Just because it's commonly used doesn't mean it's grammatically correct.



> *Who* should be used in the subject position in a sentence, while *whom* should be used in the object position. For example, Is jean going out with amelia? Yes, he is going out with her. With whom is he going out? with her (her = whom)



So the grammatically correct question would be as follows: Have you found out with whom Brigitte is going out?


----------



## Keith Bradford

Shame on you, RitaRoland, for giving such misleading information to a foreign learner of English!  We all know that you can't end a sentence with a preposition. The correct form of that sentence is:

"Have you found out out with whom Brigitte is going?"


----------



## AmaryllisBunny

I wonder *who* he takes after. 
I wonder *whom* he takes after. 

Speaking grammatically it needs to be whom. As well, it is an incredibly common mistake but, I would not say that it is correct by that value.


----------



## RitaRoland

First of all, you need to watch your language when talking to people on this forum. Secondly, when have I ever ended a sentence with a preposition?! "Going out"  is a phrasal verb that can't be separated in a sentence like the one about which we're talking; it looks like you hadn't know what a phrasal verb was before I told you! Thirdly, no, one shouldn't end a sentence with a preposition, But are we even talking about a sentence? No, we are talking about a QUESTION not a sentence, and it's grammatically correct to end a question with a preposition, let alone ending it with a phrasal verb such as "Going out", because one doesn't even need to debate about it, since it's absolutely fine to end a question with a phrasal verb. "Have you found out out with whom Brigitte is going?"  is completely WRONG; "out out with" ?? Lol, are you serious? A nine year old wouldn't put that nonsense in a sentence. So it's you who needs to stop giving learners advice, since you obviously haven't got what it takes to do so!
One more time, the correct form of this QUESTION would be: "Have you found out with whom is Brigitte going out?"


----------



## AmaryllisBunny

@Rita

Rita, the reason for the smile he put is because, it was a joke. Ending a sentence with a preposition is perfectly fine in certain situations as the one you presented. Technically, a question is a sentence. Being grammatical yes, "Have you found out with whom...," however, the conversation is talking about spoken/common use which is not always grammatical...


----------



## sumelic

"Have you found out who Brigitte is going out with" is certainly not completely incorrect. For many people, it's the only natural way that they would say this question. I don't see the point of telling English language learners that it is ungrammatical.


----------



## Maître Capello

The old prescriptive vs. descriptive debate will never end! I believe it would be wiser to avoid using the words "correct" or "incorrect" in this case. I'd rather put it this way. Using _who_ with a dangling preposition is not following strict grammar rules. It is therefore not *standard* from a pure grammatical standpoint. On the other hand it is the most *standard/common* construction in modern English, even more so in speech.
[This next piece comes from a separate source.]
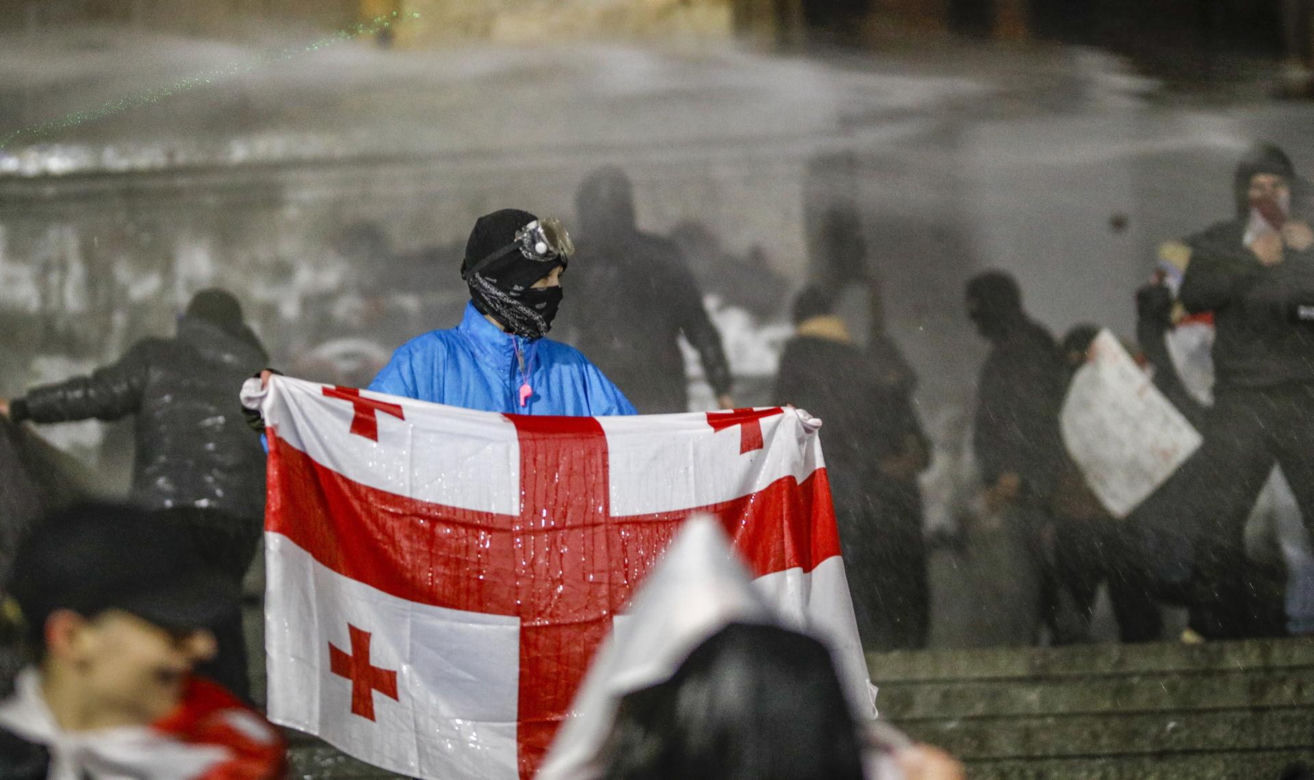 Polski dziennikarz ranny podczas zamieszek w Gruzji!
According to the Oxford Dictionary:


> According to formal grammar, *who* forms the subjective case and so should be used in subject position in a sentence, as in _*who* decided this?_ The form *whom*, on the other hand, forms the objective case and so should be used in object position in a sentence, as in _*whom* do you think we should support?_; _to *whom* do you wish to speak?_ Although there are some speakers who still use *who* and *whom* according to the rules of formal grammar as stated here, there are many more who rarely use *whom* at all; its use has retreated steadily and is now largely restricted to formal contexts. The normal practice in modern English is to use *who* instead of *whom* (and, where applicable, to put the preposition at the end of the sentence): _*who* do you wish to speak to?_; _*who* do you think we should support?_ Such uses are today broadly accepted in standard English.


----------



## AmaryllisBunny

From a proper usage perspective here is the run-down...

In _Garner's Modern American Usage_, in the _LANGUAGE-CHANGE INDEX_ :
1. _who_ as an object not following a preposition: Stage 4
2. _who_ as an object following a preposition: Stage 2

Stages: 
1) Rejected
2) Widely shunned
3) Widespread but...
4) Ubiquitous but...
5) Fully accepted

Of course, because this message is clearly informal speech, it's a coin toss, despite the fact that it is _widely shunned _in proper usage.

_Garner's Modern American Usage pg. 861_


----------